Tool-Augmented Reasoning: Integrating quantitative tools (color analysis, OCR) into the reasoning chain grounds subjective judgments in objective measurements.

Limitations & Future Work¶

The Desire Impact stage of A3-Law is positioned as a culturally universal framework; however, advertising aesthetics are highly culture-dependent, and cross-cultural adaptation remains unexplored.
The current work addresses only static advertising images; evaluation of video and interactive advertisements is not covered.
The 30K-image dataset may still be limited in diversity within the advertising domain, and more fine-grained rules may be required for specific verticals (e.g., luxury goods, fast-moving consumer goods).
The choice of \(\sigma\) in the Gaussian reward function for continuous scores affects training stability and precision, warranting further analysis.

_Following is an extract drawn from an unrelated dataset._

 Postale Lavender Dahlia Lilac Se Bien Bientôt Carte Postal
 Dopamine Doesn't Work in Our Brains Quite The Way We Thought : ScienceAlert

vs. AVA/AADB: Traditional aesthetic datasets provide only single-dimensional scores, whereas A3-Dataset offers multi-level, multi-dimensional annotations with CoT reasoning chains.
vs. General MLLMs (e.g., GPT-4o): General-purpose models lack rule awareness for advertising aesthetics; A3-Align achieves substantial domain alignment through domain-specific data and GRPO training.
Application Insights: The three-stage framework of A3-Law can inspire the design of other tasks requiring hierarchical evaluation, such as UI design assessment and interior design evaluation.

Rating¶

Novelty: ⭐⭐⭐⭐ First systematic advertising aesthetic assessment framework, fully connecting theory → data → model → benchmark.
Experimental Thoroughness: ⭐⭐⭐⭐ Multi-model comparisons and downstream task validation; ablation studies could be more detailed.
Writing Quality: ⭐⭐⭐⭐ Framework description is clear, though the density of content means some details require consulting the appendix.
Value: ⭐⭐⭐⭐ Practically applicable to the advertising industry, though the domain is relatively niche.